No more!  Now I see Alvarez for what he is: a hacker with no ability to recognize a breaking ball or off-speed pitch, who probably needs more time in the minors to work on pitch recognition and to get read for a transition to 1B.  As it is, he’s just wasting at bats at the Major League level.

Joe Mauer is Superman

OK, so this isn’t a simile.  And it’s not a metaphor either.  I’m pretty convinced America’s Catcher is Superman.  And don’t you want to believe in Superman so badly?  I do.  A guy who just flies around and is good all time (unless exposed to the red kryptonite, obviously).  Superman, who became a symbol for what Americans felt were their natural might and strength and morality in the middle part of the 20th century, is an ideal to aspire to, and a little part of every kid believes in a man fast enough to make the world spin backwards or strong enough to stop a runaway train.

As a Twins fan, I want to keep believing in Joe Mauer, I really do. But despite being in the “Run Joe Mauer Into the Ground” camp for a long time now, I’m starting to think that he can’t stay behind the plate beyond the end of 2011.  His recent bout with Bilateral Leg Weakness, while a freak occurrence, is another in a long pattern of injury for Super Joe.  His Injury History on Baseball Prospectus is starting to read like the last Harry Potter book: long, confusing, and depressing.  I just cannot imagine that he’s ever going to catch more than 110 games a season again.  The pressure his long legs and big frame puts on his knees and back simply seems to be too much for Mauer to handle on a regular basis, and a move to a corner outfield spot (which the Twins will have opening up next year) seems fairly inevitable.

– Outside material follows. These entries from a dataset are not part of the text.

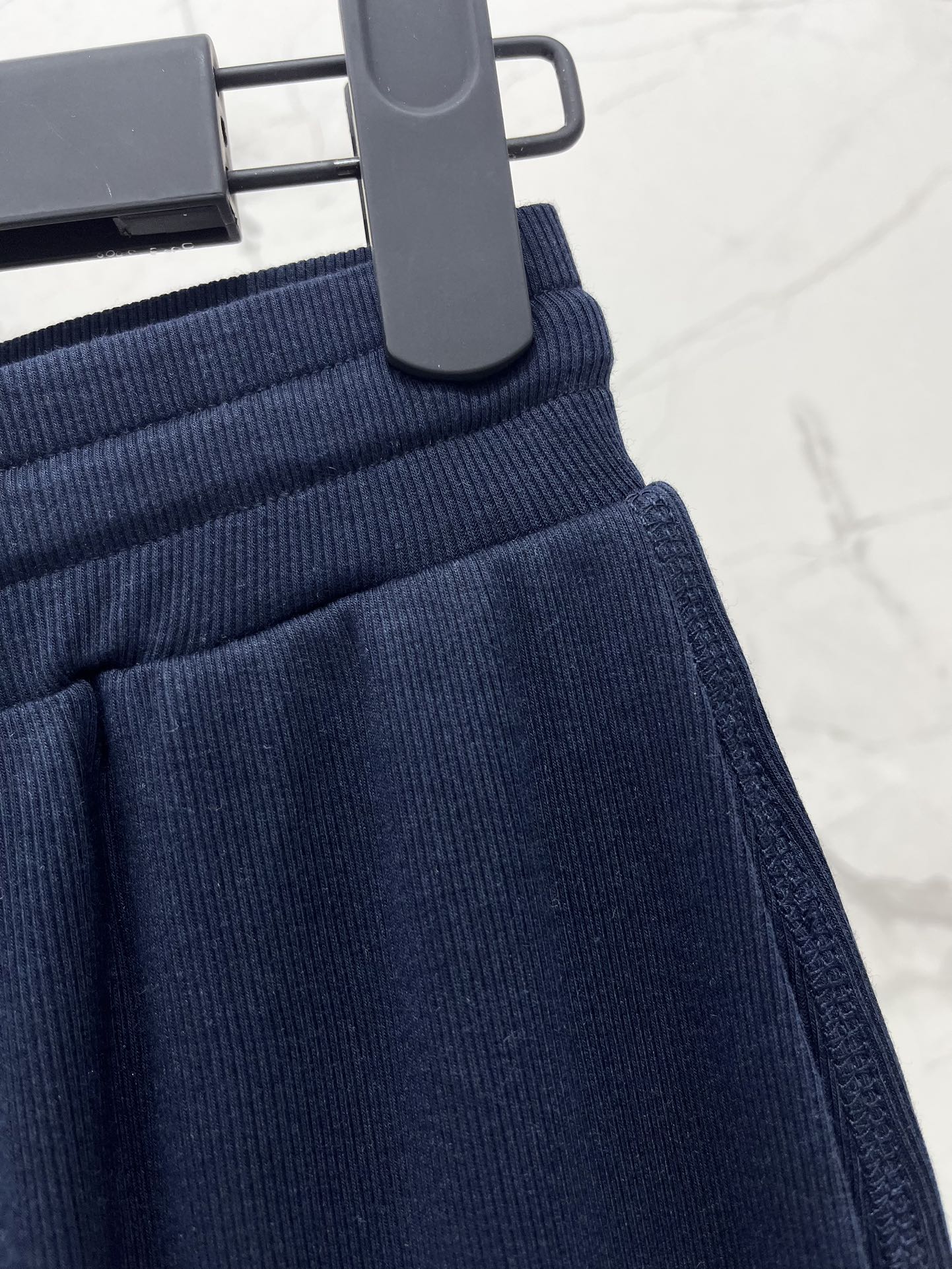 𝗖𝗛𝗥𝗢𝗠𝗘 𝗛𝗘𝗔𝗥𝗧* 克罗心十字架梵文印花套装

👗👔 这套装备简直是潮人必备啊！上衣和裤子都印满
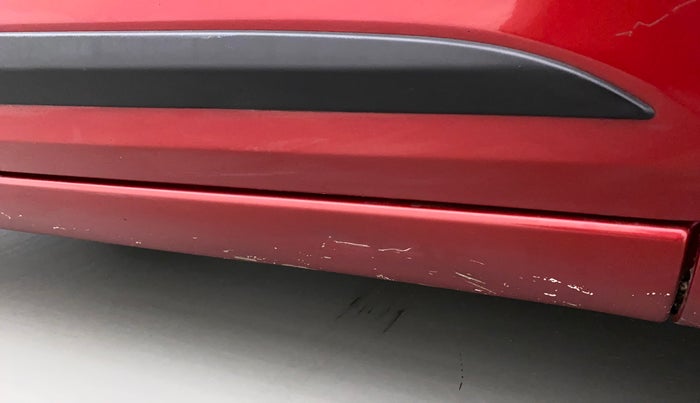 2018 Hyundai Elite i20 ASTA 1.2 (O), Petrol, Manual, 56,757 km, Right running board - Minor scratches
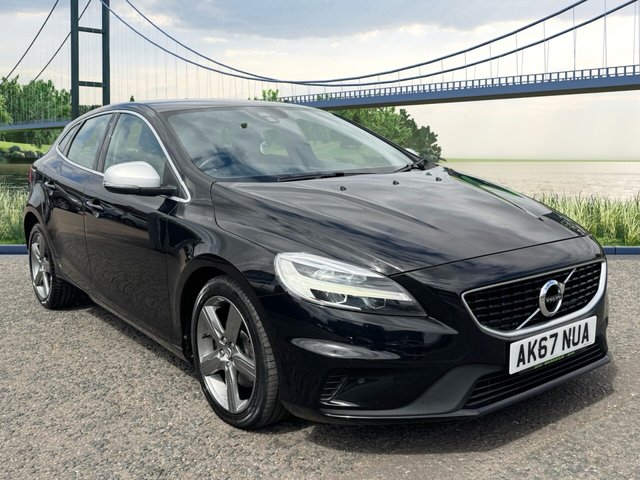 View our VOLVO V40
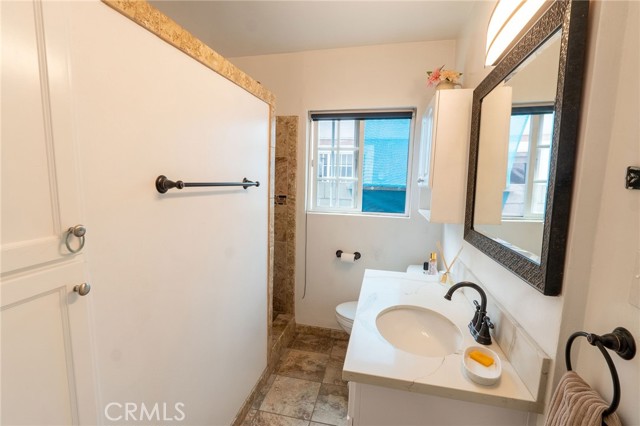 Detail Gallery Image 10 of 21 For 1039 W Mcfadden Ave, Santa Ana,  CA 92707 - 2 Beds | 2 Baths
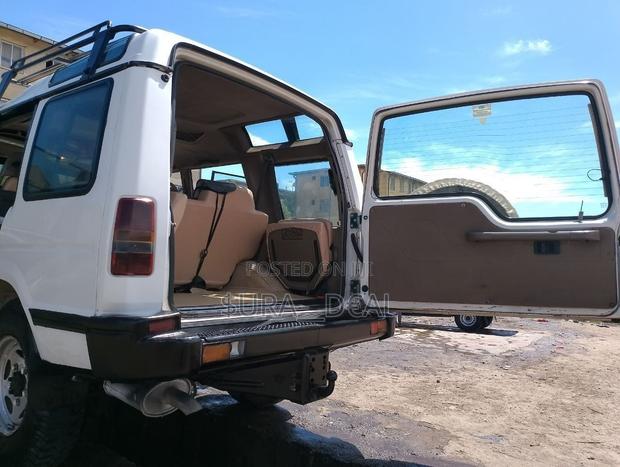 Toyota Land Cruiser 2000 White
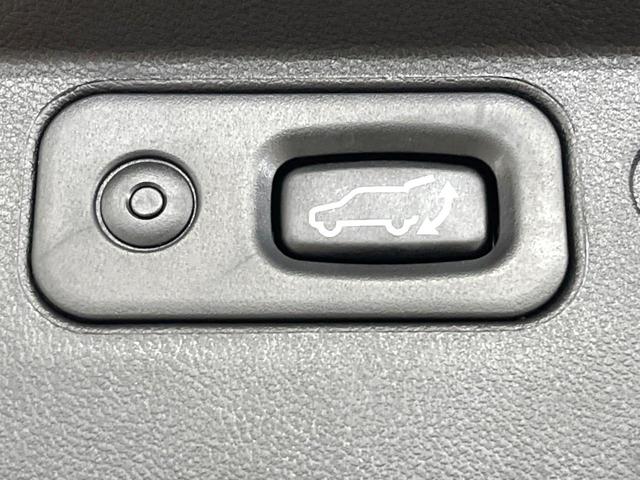 デリカＤ：５ Ｐ　禁煙車　４ＷＤ　ディーゼル（軽油）　両側電動ドア　バックカメラ　衝突被害軽減システム　レーダークルーズ　電動リアゲート　レザーシート　パワーシート　ドラレコ　スマートキー　ＬＥＤヘッド（6枚目）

He will not be as valuable there, but he will be an above average hitter with great patience and decent line-drive power.  And he will, presumably be able to be in the lineup more often as he struggles to live up to the big contract he earned last offseason.

Comments (2)

  1. Before this year I don’t think I really realized how physically big Mauer is. I’m amazed that he’s been able to fold himself up back there this long.